Arizona session preview: Rethinking child protection

Arizona Gov. Jan Brewer (AP Photo/Ross D. Franklin)

Arizona Gov. Jan Brewer (Ross D. Franklin/AP)

When they return to session this coming week, Arizona legislators will set aside divisive fights over Medicaid expansion that dominated the last year to focus on something a little more immediate: The safety and security of kids in the state’s foster care system.

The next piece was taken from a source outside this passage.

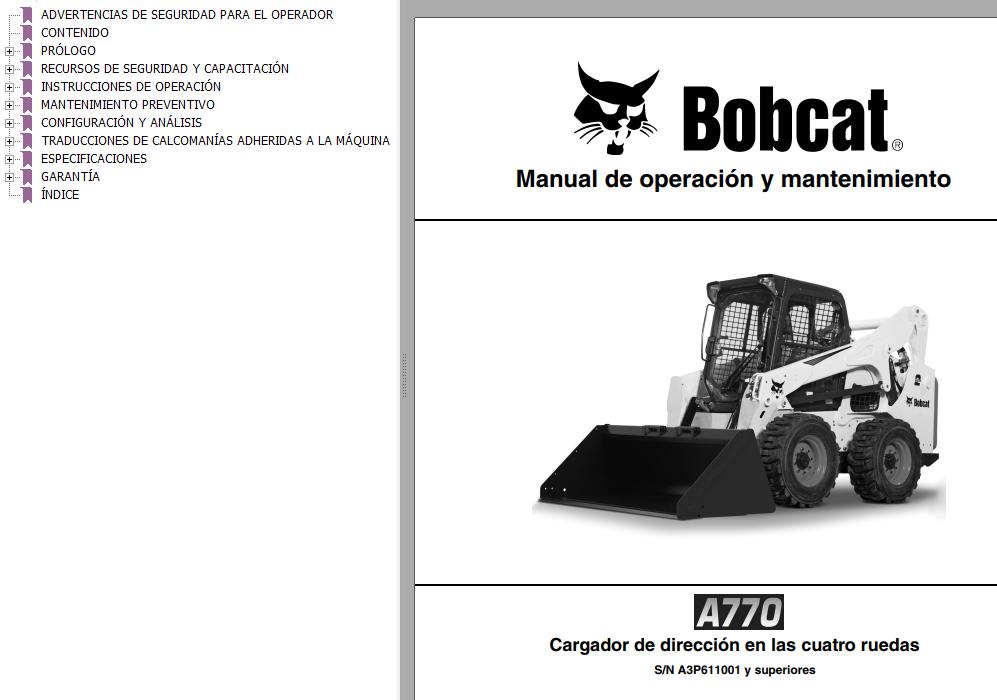 Bobcat Excavator A770 Operation Maintenance Manual ES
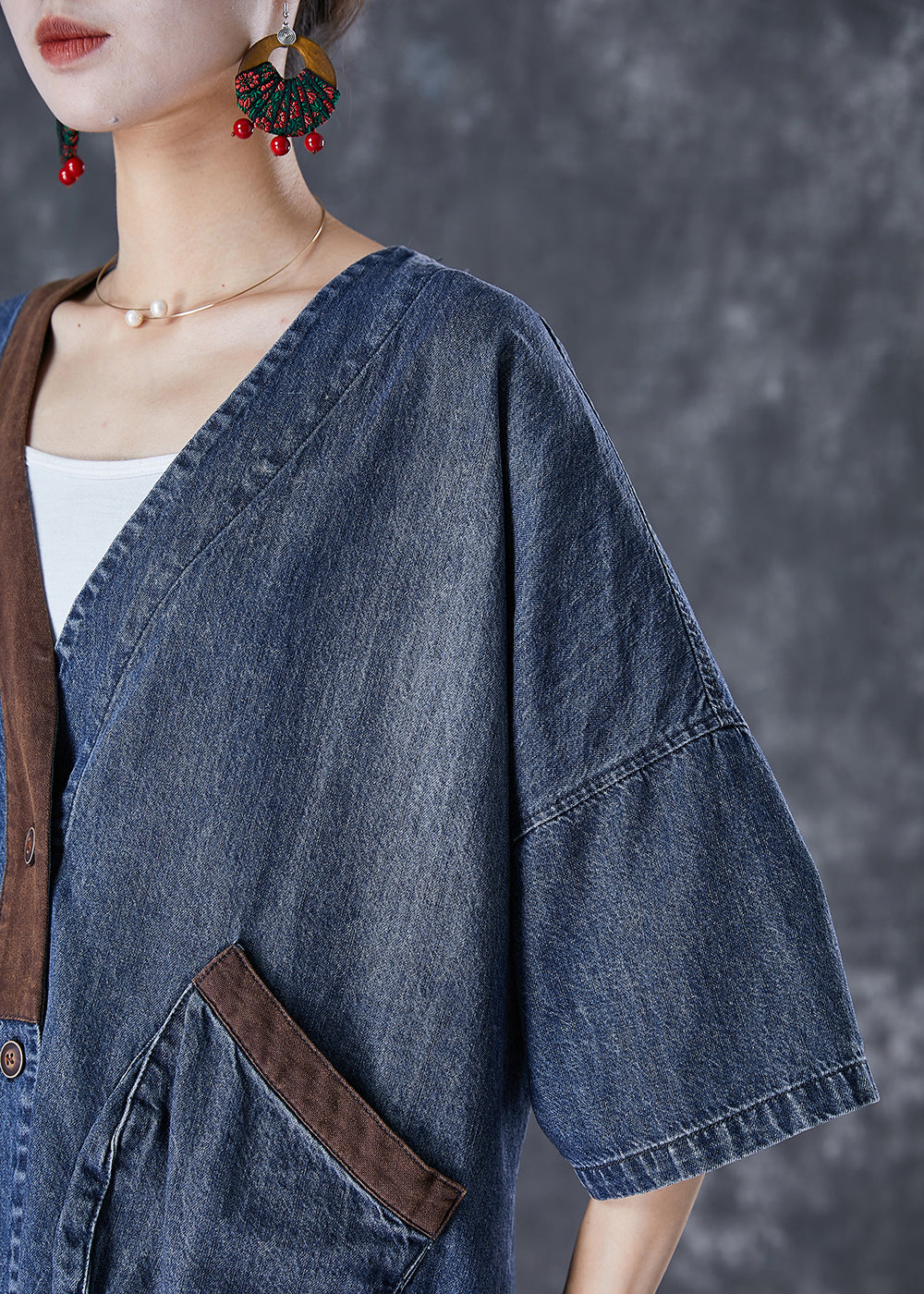 Blue V Neck Patchwork Pockets Denim Coats Summer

Gov. Jan Brewer (R) announced this month a wholesale overhaul of the state’s Child Protective Service after revelations in December that more than 6,000 allegations of abuse lodged with a service hotline went uninvestigated. In its place, Brewer created a new Cabinet-level department, the Division of Child Safety and Family Services, to handle everything from adoption to foster care to abuse claims.

Brewer, in her state of the state speech this week, asked the legislature to provide the new department with the funding it needs to pick up where CPS left off.

“The time has come to statutorily establish a separate agency that focuses exclusively on the safety and well-being of children, and helping families in distress without jeopardizing child safety,” Brewer said, calling child safety a “legal and moral duty.”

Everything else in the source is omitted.